As one of the most commonly used equivalent circuit models, the PNGV model has a clear physical meaning and guarantees high accuracy. The output voltage \(U_{batt }\) and power \(P_{batt }\) of the battery are expressed as follows:

$$ \left\{ {\begin{array}{*{20}l} {U_{batt } = V_{oc} - I_{batt } R_{int } - I_{pol } R_{pol } - \frac{1}{{C_{b} }}\int {I_{batt } } dt} \hfill \\ {P_{batt } = U_{batt } I_{batt } } \hfill \\ {\frac{{dI_{pol } }}{dt} = \frac{{\left( {I_{batt } - I_{pol} } \right)}}{\tau }} \hfill \\ \end{array} } \right. $$
(6)

where \(V_{oc}\) is the battery open circuit voltage (OCV), \(I_{batt }\) is the battery current, \(R_{int }\) is the battery internal resistance, \(I_{pol }\) is the polarization current, \(R_{pol }\) is the polarization resistance, \(C_{b}\) is a capacitance that accounts for the variation in the OCV with the time integral of the battery current \(I_{batt }\), which is set to 386F, \(\tau\) is the polarization time constant, namely \(\tau = C_{pol} R_{pol }\), and \(C_{pol}\) is the polarization capacitance with a value of 480F. When the battery power is known, the battery current can be calculated from the Eq. (4). The battery state of charge (SOC) is an important factor, which is defined as the ratio of the remaining capacity to the total capacity \(Q_{cap}\), as follow:

$$ S\dot{O}C = - I_{batt} /Q_{cap} $$
(7)

Ignoring the influence of the temperature on the battery, the internal resistance, the polarization resistance, and the OCV of the battery are influenced by the battery SOC as illustrated in Fig. 4.

Fig. 4
figure 4

Influences of the battery SOC on different battery parameters: a on the internal resistance and the polarization resistance; b on the OCV

2.4 Motor model

The electric motor is the only driver that converts the electrical energy of the FCS and battery into the mechanical energy to drive the FCHV. In the meantime, it can also act as a generator during regenerative braking to recover the braking energy and charge it into the battery. The maximum torque curves and the efficiency map of the motor used in this research are illustrated in Fig. 5.

Fig. 5
figure 5

Motor efficiency map and maximum torque curves

3 An EMS Design for the HESS

The RL algorithm is a learning frame structure that includes the agent, environment, state, action, and reward signal. To derive the optimal control action at a specific state by maximizing the reward function, the decision-maker called the agent continually interacts with the plant constrained by the external environment until the control strategy converges.

3.1 Problem Formulation

In this research, as the environment, the FCHV is modeled as a discrete-time dynamic system, which can be generally expressed by the following state equation:

$$ x(t + 1) = f(x(t),u(t))\quad t = {0,1,2,} \ldots {\text{,N}} $$
(8)

where \(x(t)\) and \(u(t)\) represent the state variable and the control variable, respectively, at time \(t\), which are selected as follows based on the analysis in Sect. 2, i.e. the power required for the vehicle and the battery SOC are the two state variables, and the battery power is the control variable.
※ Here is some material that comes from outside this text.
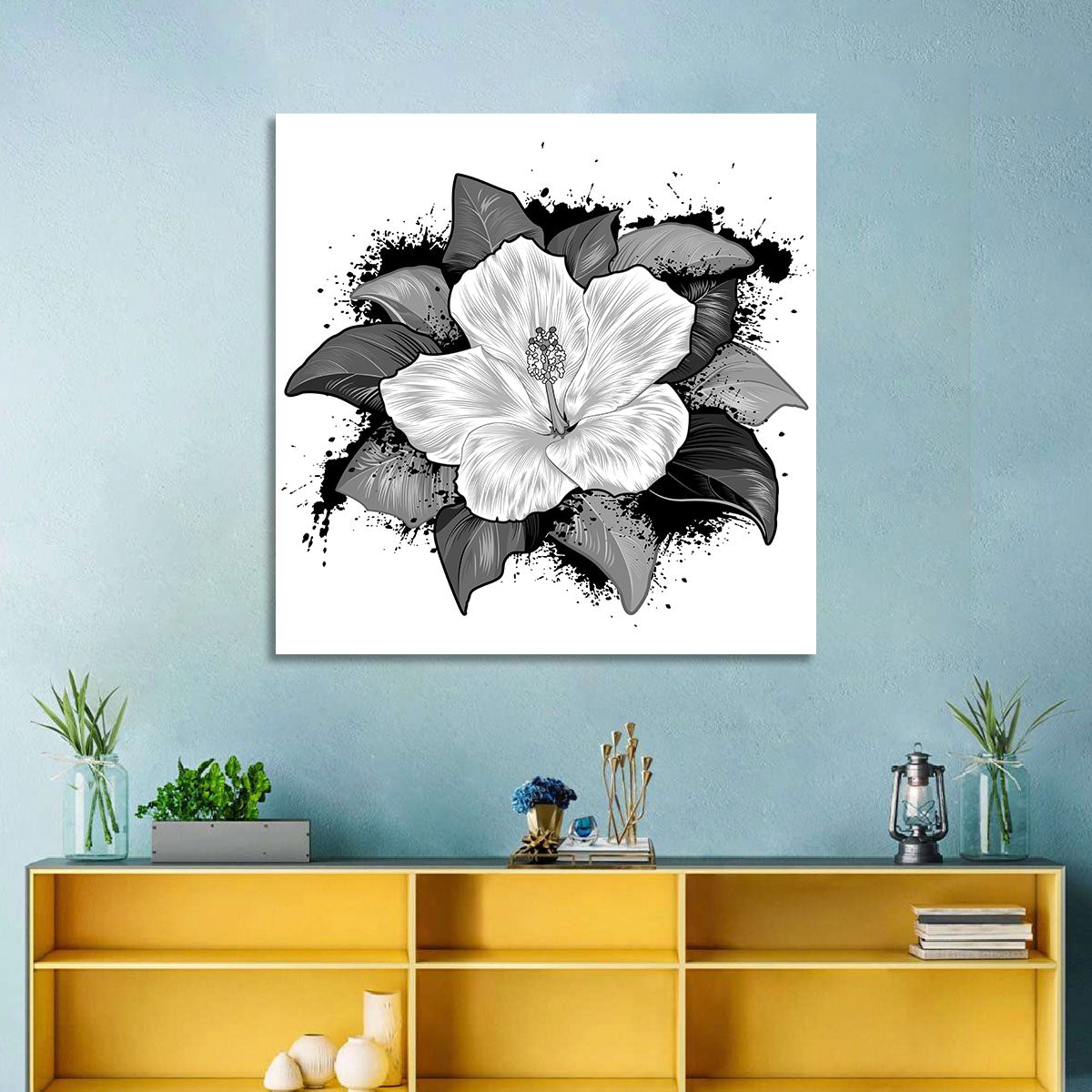 Ink Splatter Hibiscus Illustration Wall Art in a room, square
$$ \left\{ {\begin{array}{*{20}l} {x(t) = \left( {P_{req } (t),SOC(t)} \right)^{T} } \hfill \\ {u(t) = \left( {P_{batt } (t)} \right)^{T} } \hfill \\ \end{array} } \right. $$
(9)

In the RL algorithm, x and u above are usually named as the state and the action respectively. To ensure the FCS and battery working in safe and stable areas, the system should meet the following restrictions:

$$ \left\{ {\begin{array}{*{20}l} {SOC_{\min } \le SOC \le SOC_{\max } } \hfill \\ {P_{motor\_change\_max} \le P_{motor \, } \le P_{motor\_max} } \hfill \\ {P_{batt\_min} \le P_{batt } \le P_{batt\_max} } \hfill \\ {P_{fcs\_min} \le P_{fcs} \le P_{fcs\_max} } \hfill \\ \end{array} } \right. $$
(10)

where parameters with min and max subscripts mean their corresponding minimum and maximum values, respectively. The SOC of the battery is maintained in [0.5, 0.75], in which the resistance is smaller; \(P_{motor\_max}\) and \(P_{batt\_max}\) are presented in Table 1, and \(P_{motor\_change\_max}\), \(P_{batt\_min}\) are the opposite values of them, respectively; \(P_{fcs\_min}\) represents the minimum operating power of the FCS, which is set to 4 kW in this research, and \(P_{fcs\_max}\) is also presented in Table 1.
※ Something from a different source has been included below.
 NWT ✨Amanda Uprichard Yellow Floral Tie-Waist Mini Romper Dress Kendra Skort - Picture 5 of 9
If the state is updated by the “trial and error” randomization, there will be too many choices because of the discretization of the system, which will greatly prolong the simulation time. Therefore, the state TPM is introduced to simplify the state space in this research, i.e. the driving condition of the FCHV is considered as a Markov process, in which the next state is only related to the current state. The power required for the vehicle \(P_{req}\) can be calculated by Eq. (1), and then the TPM of it under various DCs can be obtained by the nearest neighbor method as follows:

$$ p_{{s,s^{\prime}}} = \frac{{n_{{s,s^{\prime}}} }}{{n_{s} }} $$
(11)

where \(p_{{s,s^{\prime}}}\) represents the transition probability from the state \(s\) to \(s^{\prime}\), \(n_{{s,s^{\prime}}}\) represents the occurrence number of the transition from the state \(s\) to \(s^{\prime}\) in the whole DC, and \(n_{s}\) represents the total occurrence number of the state \(s\) in the whole DC. The UDDS, WLTC, and NEDC are selected as training DCs and the Japan1015 cycle is used as the validation DC in this research. These DCs cover the urban, suburban, and high-speed conditions and show big differences in the average speed, maximum speed, acceleration, and other characteristics, which will make the training strategy have the better adaptability. The corresponding velocity curves are shown in Fig. 6. Figure 7 shows the TPM of \(P_{req}\) on each DC, in which \(P_{next}\) represents the required power of the vehicle for the next moment. It can be observed that the values are generally limited to [0.2, 1], and most of them are concentrated on the diagonal because the required power of the vehicle rarely changes suddenly, which is in accordance with the actual situation.

Fig. 6
figure 6

Velocity curves of different DCs

Fig. 7
figure 7

TPM of each DC: a UDDS; b WLTC; c NEDC; d Japan1015

The optimal strategy can be learned by maximizing the reward signal in the RL-based EMS. Thus, the form of the reward signal is significant for the RL-based EMS. In this research, the reward signal is designed by considering the control objectives and based on the reward signal forms sourced from previous research [41, 42]. To improve the fuel economy, maintain the battery SOC, and reduce the power fluctuation of the FCS, the reward signal is set as a function related to the hydrogen consumption rate \(\dot{m}\), the battery SOC, and the FCS power difference between adjacent moments \(\Delta P_{fcs}\), as shown in (12), the specific form of which is determined based on multiple rounds of simulations and careful adjustments.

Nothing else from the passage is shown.